Conviviality Plc has said that it intends to place itself into administration and has added that it faces the possibility of being broken up via a sale of different business arms, after emergency funding failed to materialise.
Conviviality said this morning (29 March) that it intended to appoint administrators for the business, which is one of the UK’s biggest wine suppliers, encompassing Bibendum and Matthew Clark, and which also includes the Bargain Booze and Wine Rack retailers.
Efforts to raise £125 million of emergency funding to keep the business going have failed, Conviviality said in a trading update last night (28 March).
It said today that it would appoint administrators within 10 working days ‘unless circumstances change’, but added that secured creditors could bring this action forward it they chose to.
It said that it remained in discussion with lenders and has received ‘a number of inbound enquiries regarding a potential sale of all or parts the business’.
The group directly employs around 2,600 people, according to its 2017 annual report.
Some in the trade had come to fear the worst following a difficult few weeks for the company, which has seen its shares suspended on the London Stock Exchange since it discovered a £30 million unplanned tax bill due on 29 March.

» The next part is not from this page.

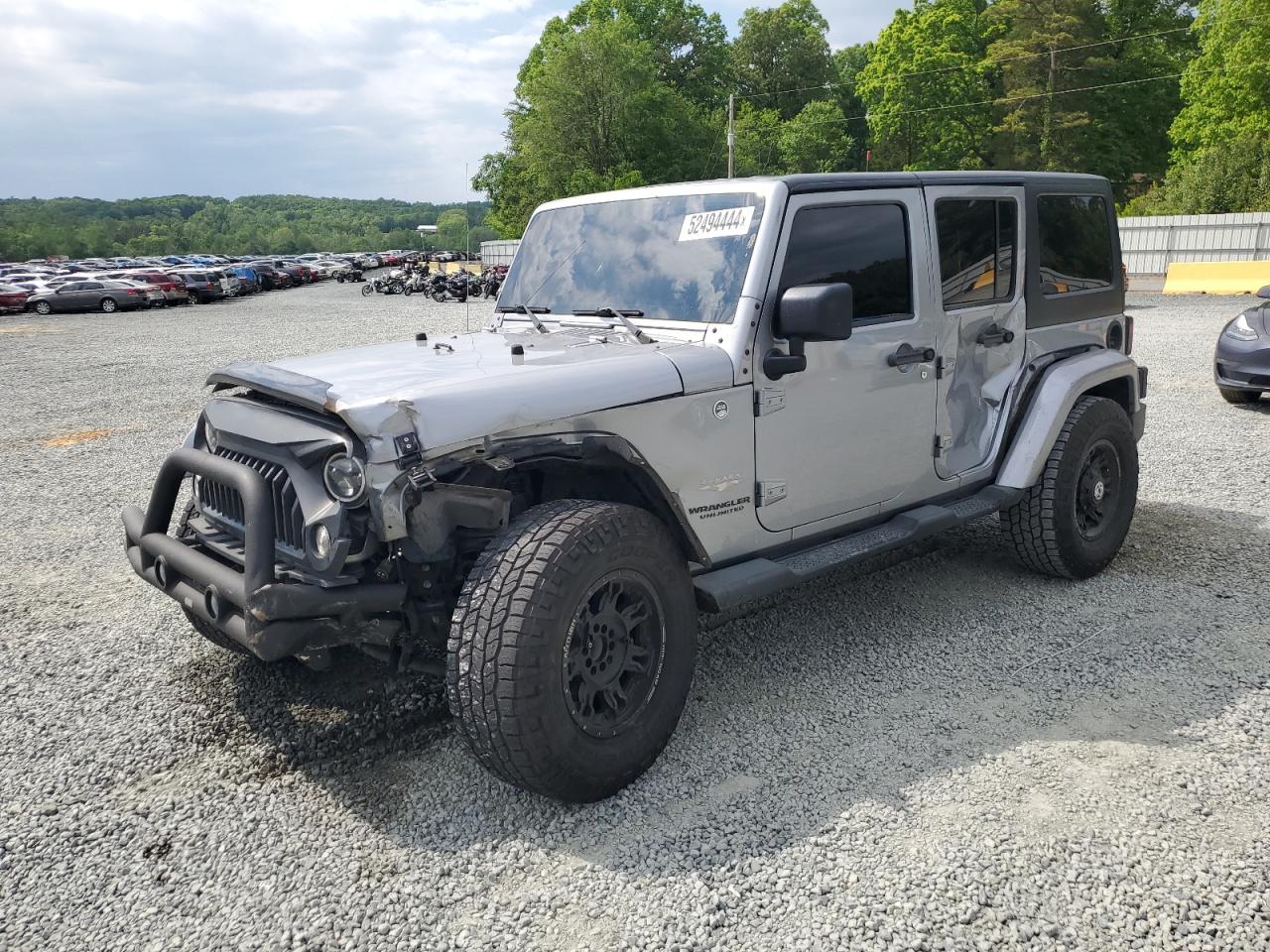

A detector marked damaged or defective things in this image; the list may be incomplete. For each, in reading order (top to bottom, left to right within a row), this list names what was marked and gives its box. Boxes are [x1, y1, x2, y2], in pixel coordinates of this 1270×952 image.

crumpled hood [207, 327, 736, 454]
damaged front bumper [121, 446, 404, 664]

It has lowered its full-year profits guidance twice in the last three weeks and has also seen the departure of its chief executive, Diana Hunter, in that time.
Management has consistently thanked trade customers and creditors for their patience and support and pointed to positive initial discussions with lenders and HM Revenue & Customs.
But, last week the group said that it needed to raise £125 million in order to re-capitalise the business.
That funding has not materialised and Conviviality said that it was possible the company could now be broken up.
It said today, ‘The directors intend to allow the business to continue to trade and the company continues to work alongside advisers in order to preserve as much value as possible for all stakeholders as it explores a number of inbound enquiries regarding a potential sale of all or parts of the business.’
It said last night, ‘Despite a significant number of meetings with potential investors resulting in good levels of demand, and constructive discussions with a number of key customers and suppliers regarding the provision of support, there was ultimately insufficient demand to raise the full £125.0 million.
‘The board wish to thank its customers, suppliers and employees for their continued support during this difficult period for the company.’